Disgusting, all for a few bucks in beer!


----------



## Indigo Bully Connection (Dec 21, 2006)

yep, these losers stole around 40 dollars of beer and caused over 5000 dollars in damage.


----------



## FloorCandy (Feb 19, 2009)

Looks like a bunch of punks who just wanted to show how "cool" they are.


----------



## Marty (Dec 10, 2005)

Damn my life is over as I know if, let me have these punks like this 

Maybe I can do something with them


----------



## Indigo Bully Connection (Dec 21, 2006)

I tell you what, I saw all 4 camera angles... I'm waiiiiting to see these SOBs. I saw them, and I saw their raggedy @$$ car.


Haha I'm in the news real too. I'm just hiding next to the girl in the back brace


----------



## FloorCandy (Feb 19, 2009)

Indigo Bully Connection said:


> I tell you what, I saw all 4 camera angles... I'm waiiiiting to see these SOBs. I saw them, and I saw their raggedy @$$ car.
> 
> Haha I'm in the news real too. I'm just hiding next to the girl in the back brace


I had thought that might be you


----------



## Harley D (Mar 27, 2009)

I got to laugh at the dumb @$$$ for doing such a stupid bone headed move like that. 
I am really really really feeling bad for the owner of the stor. He is a really great guy, really nice. Though, the only time I think I met him was late at night ((what I think was late at night )) and was half asleep...and a few other times.....either way! He was really nice the times I did meet him. I feel shiz that someone so stupid would be suchs a low lifed scum to do such a thing to that nice man. 
The only part that sort of makes me laugh is that knowing shana, you are really in the ******* country parts. When they are such dumb a$$$ to break into a store to steal only beer and it not to think about just opening the door. 
Though I do think it was because the store see the as a easy target.


----------



## Proud Marine Dad (Apr 1, 2009)

This is why they make shotguns. I would have killed them both. 

PS What's up with the LDS commercial I had to see before the news?:hammer:


----------



## Indigo Bully Connection (Dec 21, 2006)
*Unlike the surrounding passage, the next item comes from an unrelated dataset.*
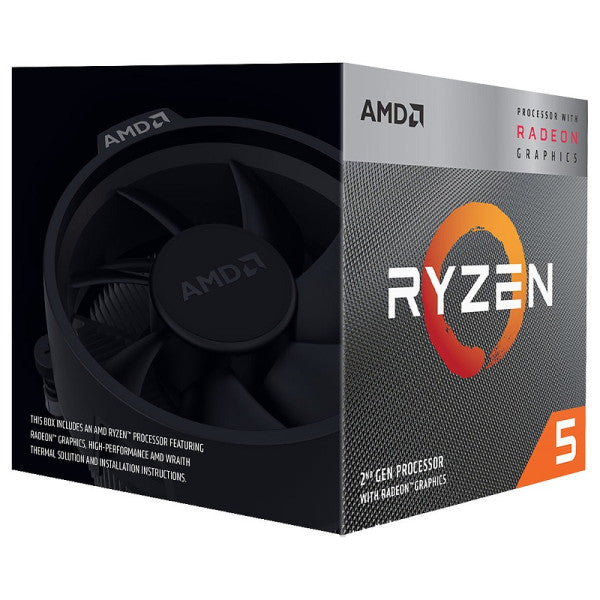 AMD Ryzen 5 3400G Wraith Spire Edition (3.7 GHz / 4.2 GHz) BOX AMD Ryzen 5 3400G Wraith Spire Edition (3.7 GHz / 4.2 GHz) BOX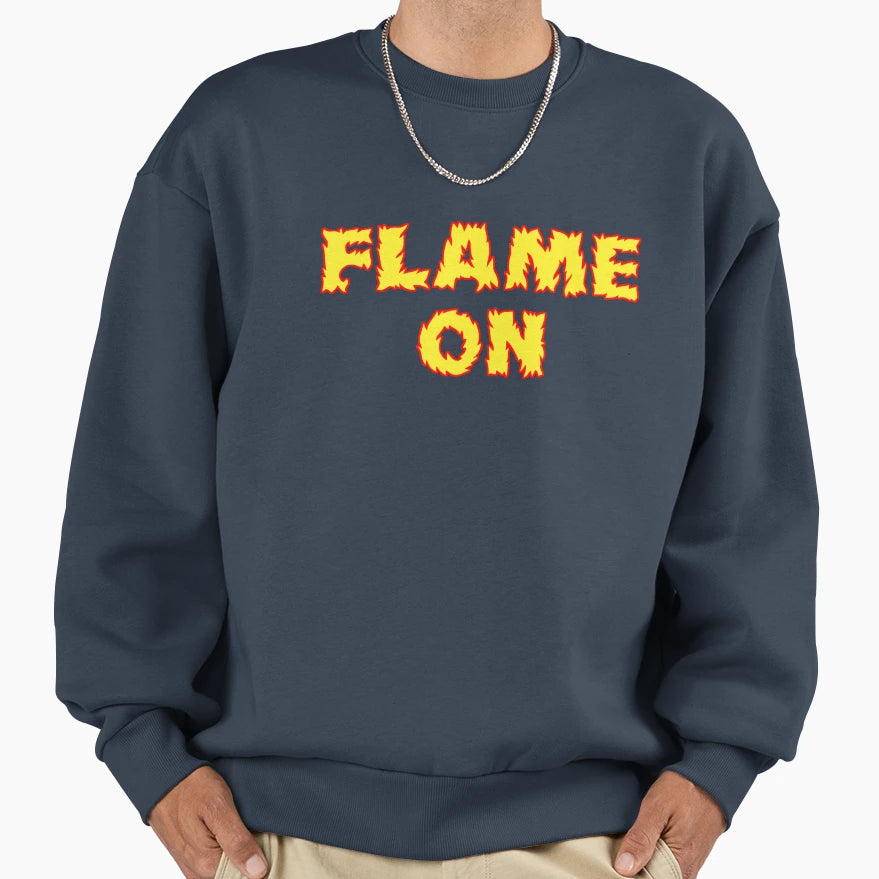 Flame Sweatshirt - Streetwear Style Unisex - T-Shirt, Sweatshirt, Hoodie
Chicken sh!ts broke in after hours. They know Rush is strapped while manning the fort.


----------



## Proud Marine Dad (Apr 1, 2009)

Indigo Bully Connection said:


> These are dear friends of mine. Their convenience store was robbed over the weekend. This is the most giving and loving family I have ever met. They don't deserve to be done this way.
> 
> Video


I can think of a couple of more things more disgusting, but these guys are bottom feeders without a doubt.


----------



## Trapboi103 (Dec 14, 2008)

Hate this kind of stupid s*** !!! I've been to there store couple of times too.Those idots need some lead pumped in them!!! That's why i keep the desert eagle on me at all times for stupid fools like that!!!


----------



## Indigo Bully Connection (Dec 21, 2006)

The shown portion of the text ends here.